Provided entries: Begin

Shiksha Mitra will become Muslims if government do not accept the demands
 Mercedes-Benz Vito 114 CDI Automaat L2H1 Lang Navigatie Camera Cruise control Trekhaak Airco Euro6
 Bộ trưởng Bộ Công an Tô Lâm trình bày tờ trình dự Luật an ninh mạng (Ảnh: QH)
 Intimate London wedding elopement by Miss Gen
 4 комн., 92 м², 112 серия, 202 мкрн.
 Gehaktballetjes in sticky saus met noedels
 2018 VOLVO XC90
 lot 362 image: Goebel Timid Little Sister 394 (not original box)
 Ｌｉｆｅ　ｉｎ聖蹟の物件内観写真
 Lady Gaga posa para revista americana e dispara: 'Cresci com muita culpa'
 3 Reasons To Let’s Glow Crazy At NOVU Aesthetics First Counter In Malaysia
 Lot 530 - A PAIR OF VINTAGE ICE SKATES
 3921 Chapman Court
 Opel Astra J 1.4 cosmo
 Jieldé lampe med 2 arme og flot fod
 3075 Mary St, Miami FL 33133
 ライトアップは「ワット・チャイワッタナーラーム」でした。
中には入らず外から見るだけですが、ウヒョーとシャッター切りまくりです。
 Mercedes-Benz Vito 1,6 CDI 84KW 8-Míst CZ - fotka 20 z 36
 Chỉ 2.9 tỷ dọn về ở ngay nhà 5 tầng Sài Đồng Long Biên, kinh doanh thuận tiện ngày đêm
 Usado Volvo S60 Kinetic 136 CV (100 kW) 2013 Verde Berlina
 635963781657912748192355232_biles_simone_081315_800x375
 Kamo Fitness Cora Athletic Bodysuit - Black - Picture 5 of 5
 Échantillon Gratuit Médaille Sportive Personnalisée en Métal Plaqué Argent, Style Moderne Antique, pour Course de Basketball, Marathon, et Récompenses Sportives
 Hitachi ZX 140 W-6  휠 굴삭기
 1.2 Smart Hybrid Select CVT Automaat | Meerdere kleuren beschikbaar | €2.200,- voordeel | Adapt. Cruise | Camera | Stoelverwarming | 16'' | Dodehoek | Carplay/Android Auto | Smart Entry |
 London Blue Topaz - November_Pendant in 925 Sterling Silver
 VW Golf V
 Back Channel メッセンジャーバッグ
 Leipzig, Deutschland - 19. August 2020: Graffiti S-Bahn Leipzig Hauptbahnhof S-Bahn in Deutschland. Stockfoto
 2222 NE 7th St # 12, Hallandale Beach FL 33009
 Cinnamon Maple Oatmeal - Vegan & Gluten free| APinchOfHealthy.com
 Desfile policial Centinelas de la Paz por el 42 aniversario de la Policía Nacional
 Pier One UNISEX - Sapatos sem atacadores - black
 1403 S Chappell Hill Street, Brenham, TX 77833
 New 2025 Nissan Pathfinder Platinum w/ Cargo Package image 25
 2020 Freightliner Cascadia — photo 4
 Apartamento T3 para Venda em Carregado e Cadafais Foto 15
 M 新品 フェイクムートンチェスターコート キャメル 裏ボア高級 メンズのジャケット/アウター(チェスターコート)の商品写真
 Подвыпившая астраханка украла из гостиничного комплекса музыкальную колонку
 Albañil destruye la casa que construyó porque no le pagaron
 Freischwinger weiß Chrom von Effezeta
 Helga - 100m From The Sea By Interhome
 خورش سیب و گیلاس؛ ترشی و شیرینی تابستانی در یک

Provided entries: End

-- Exercise goal --
Each line of the records should be transcribed without change.

-- Solution for this problem --
Shiksha Mitra will become Muslims if government do not accept the demands
 Mercedes-Benz Vito 114 CDI Automaat L2H1 Lang Navigatie Camera Cruise control Trekhaak Airco Euro6
 Bộ trưởng Bộ Công an Tô Lâm trình bày tờ trình dự Luật an ninh mạng (Ảnh: QH)
 Intimate London wedding elopement by Miss Gen
 4 комн., 92 м², 112 серия, 202 мкрн.
 Gehaktballetjes in sticky saus met noedels
 2018 VOLVO XC90
 lot 362 image: Goebel Timid Little Sister 394 (not original box)
 Ｌｉｆｅ　ｉｎ聖蹟の物件内観写真
 Lady Gaga posa para revista americana e dispara: 'Cresci com muita culpa'
 3 Reasons To Let’s Glow Crazy At NOVU Aesthetics First Counter In Malaysia
 Lot 530 - A PAIR OF VINTAGE ICE SKATES
 3921 Chapman Court
 Opel Astra J 1.4 cosmo
 Jieldé lampe med 2 arme og flot fod
 3075 Mary St, Miami FL 33133
 ライトアップは「ワット・チャイワッタナーラーム」でした。
中には入らず外から見るだけですが、ウヒョーとシャッター切りまくりです。
 Mercedes-Benz Vito 1,6 CDI 84KW 8-Míst CZ - fotka 20 z 36
 Chỉ 2.9 tỷ dọn về ở ngay nhà 5 tầng Sài Đồng Long Biên, kinh doanh thuận tiện ngày đêm
 Usado Volvo S60 Kinetic 136 CV (100 kW) 2013 Verde Berlina
 635963781657912748192355232_biles_simone_081315_800x375
 Kamo Fitness Cora Athletic Bodysuit - Black - Picture 5 of 5
 Échantillon Gratuit Médaille Sportive Personnalisée en Métal Plaqué Argent, Style Moderne Antique, pour Course de Basketball, Marathon, et Récompenses Sportives
 Hitachi ZX 140 W-6  휠 굴삭기
 1.2 Smart Hybrid Select CVT Automaat | Meerdere kleuren beschikbaar | €2.200,- voordeel | Adapt. Cruise | Camera | Stoelverwarming | 16'' | Dodehoek | Carplay/Android Auto | Smart Entry |
 London Blue Topaz - November_Pendant in 925 Sterling Silver
 VW Golf V
 Back Channel メッセンジャーバッグ
 Leipzig, Deutschland - 19. August 2020: Graffiti S-Bahn Leipzig Hauptbahnhof S-Bahn in Deutschland. Stockfoto
 2222 NE 7th St # 12, Hallandale Beach FL 33009
 Cinnamon Maple Oatmeal - Vegan & Gluten free| APinchOfHealthy.com
 Desfile policial Centinelas de la Paz por el 42 aniversario de la Policía Nacional
 Pier One UNISEX - Sapatos sem atacadores - black
 1403 S Chappell Hill Street, Brenham, TX 77833
 New 2025 Nissan Pathfinder Platinum w/ Cargo Package image 25
 2020 Freightliner Cascadia — photo 4
 Apartamento T3 para Venda em Carregado e Cadafais Foto 15
 M 新品 フェイクムートンチェスターコート キャメル 裏ボア高級 メンズのジャケット/アウター(チェスターコート)の商品写真
 Подвыпившая астраханка украла из гостиничного комплекса музыкальную колонку
 Albañil destruye la casa que construyó porque no le pagaron
 Freischwinger weiß Chrom von Effezeta
 Helga - 100m From The Sea By Interhome
 خورش سیب و گیلاس؛ ترشی و شیرینی تابستانی در یک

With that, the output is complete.